Comparing microcontroller real-time operating systems
Sergey Kolesnik, Telecard-Pribor Ltd.
embedded.com (December 8, 2013)
Many larger microprocessor (MPU) designs are built using embedded Linux. Real-time operating systems (RTOSes) are used only in cases where hard real-time performance is required. Regardless of the MPU operating system - either embedded Linux or an MPU RTOS - all use POSIX as the standard for application programming interface (API) calls. Larger operating systems such as Windows and desktop Linux also support these same API calls.

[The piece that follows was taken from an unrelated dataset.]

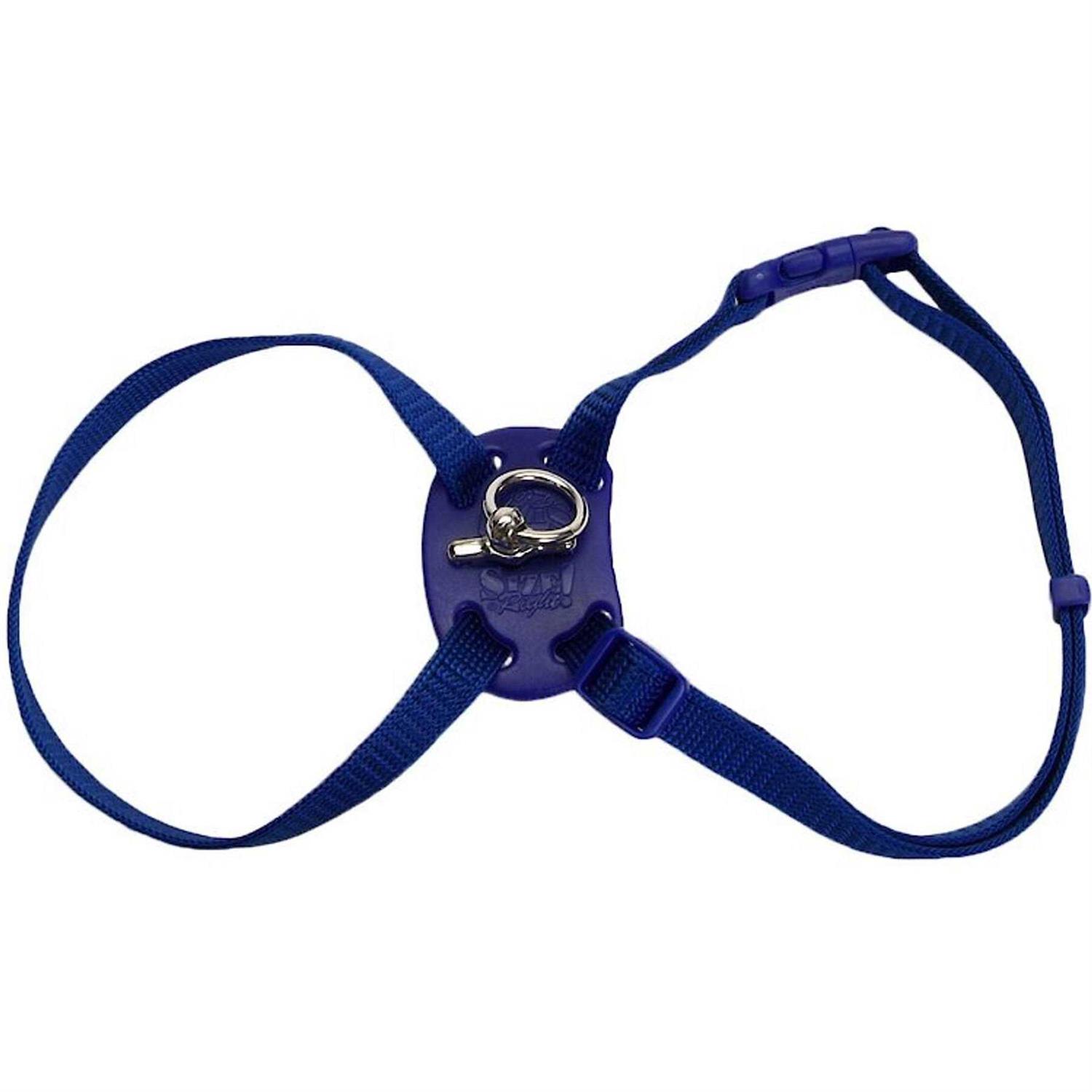 Coastal Pet Size Right Adjustable Cat Harness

Microcontrollers (MCUs) have reached the point where most are capable of running an operating system, but none can run Linux, Linux variants, or Windows due to the resources required. The developers of small MPU and MCU systems have no choice but to run bare metal or run an RTOS because they can't run Linux. This article discusses the various options I use for MCU RTOS selection and the criteria by which this selection might be made.
The first choice to be made is whether the application needs a full RTOS or just the kernel component. A kernel is not an RTOS, but this can be a confusing issue because of the inappropriate naming chosen for some popular kernels, ‘freeRTOS’ for example.

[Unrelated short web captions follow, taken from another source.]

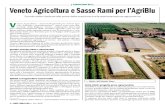 07 Veneto Agricoltura Per AgriBlu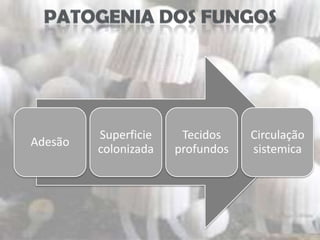 Superficie    Tecidos    Circulação
Adesão
         colonizada   profundos   sistemica
 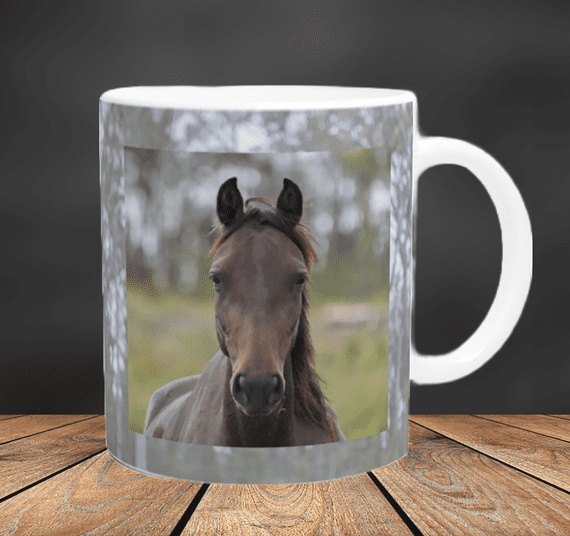 Australian Brumby Ceramic Mug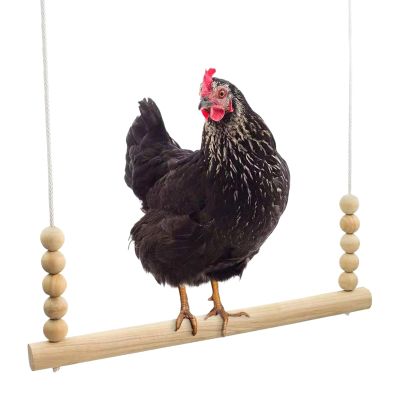 Backyard Chicken Swing Set - Sleep Ladder, Hanging Wooden Bar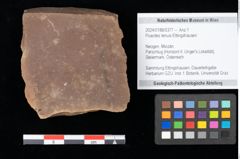 Foto (Objekt + Etikett) von Poacites tenuis Ettingshausen (NHMW-GEO-2024-0188-0377)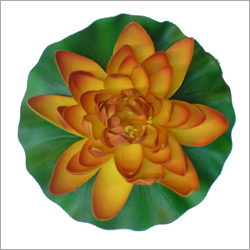 Floating Flowers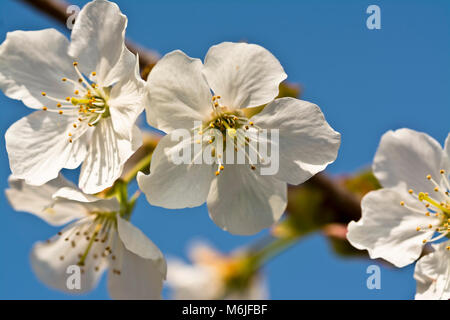Weiß Cherry Blossom gegen einen tiefen blauen Himmel kontrastiert. Stockfoto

An RTOS includes the kernel component, which provides scheduling, communication and synchronization, timers, and interrupt handling. In addition, the RTOS provides an I/O mechanism, which presumably offers uniform access to devices, software stacks for a broad set of connectivity options, file systems, display options, off the shelf examples, documentation, and tools for debugging applications running on the RTOS.